Dataset extract ▸
....

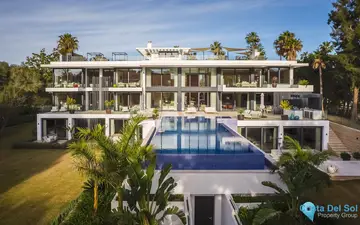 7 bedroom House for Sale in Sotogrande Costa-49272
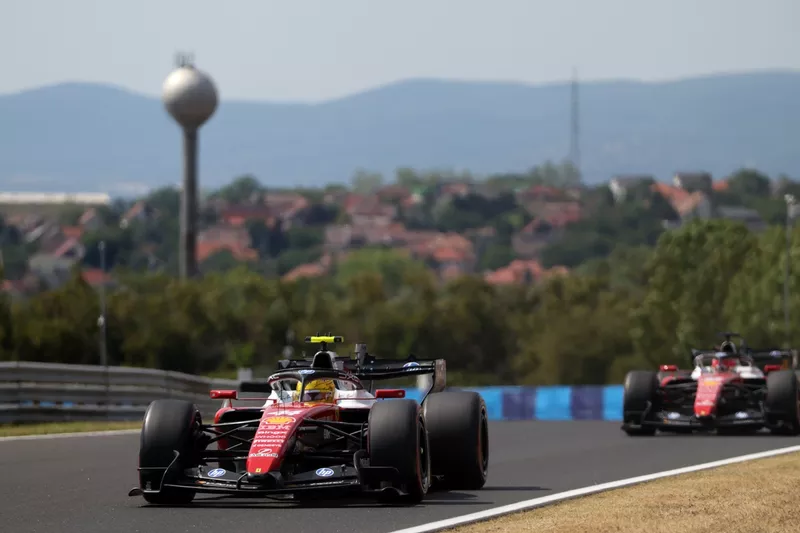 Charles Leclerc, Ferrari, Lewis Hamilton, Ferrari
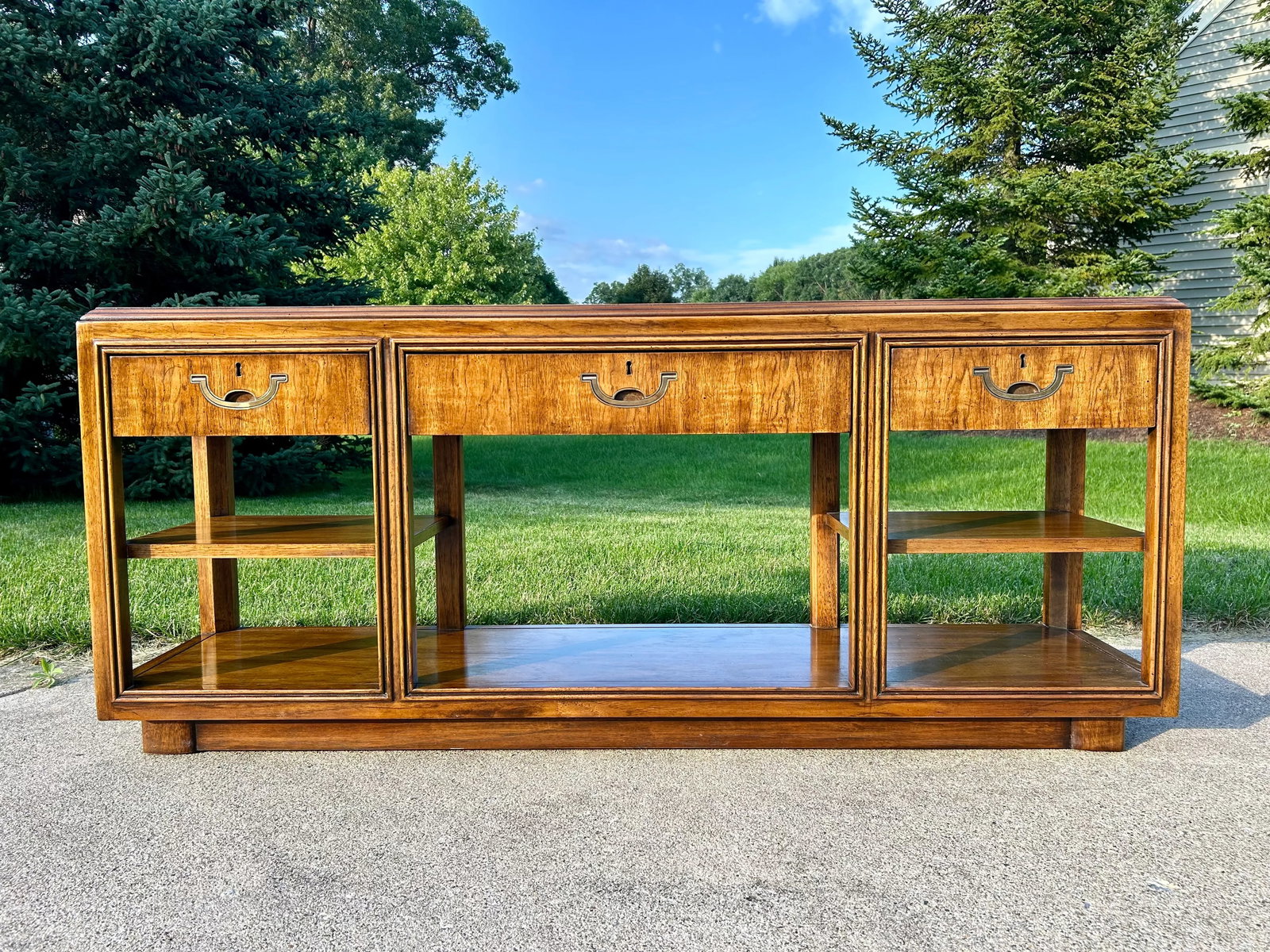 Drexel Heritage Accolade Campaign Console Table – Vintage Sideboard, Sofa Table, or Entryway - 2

....

Task statement ▸
Exclude the pictures, and transcribe all of the material exactly.

Answer for this exercise ▸
 7 bedroom House for Sale in Sotogrande Costa-49272
 Charles Leclerc, Ferrari, Lewis Hamilton, Ferrari
 Drexel Heritage Accolade Campaign Console Table – Vintage Sideboard, Sofa Table, or Entryway - 2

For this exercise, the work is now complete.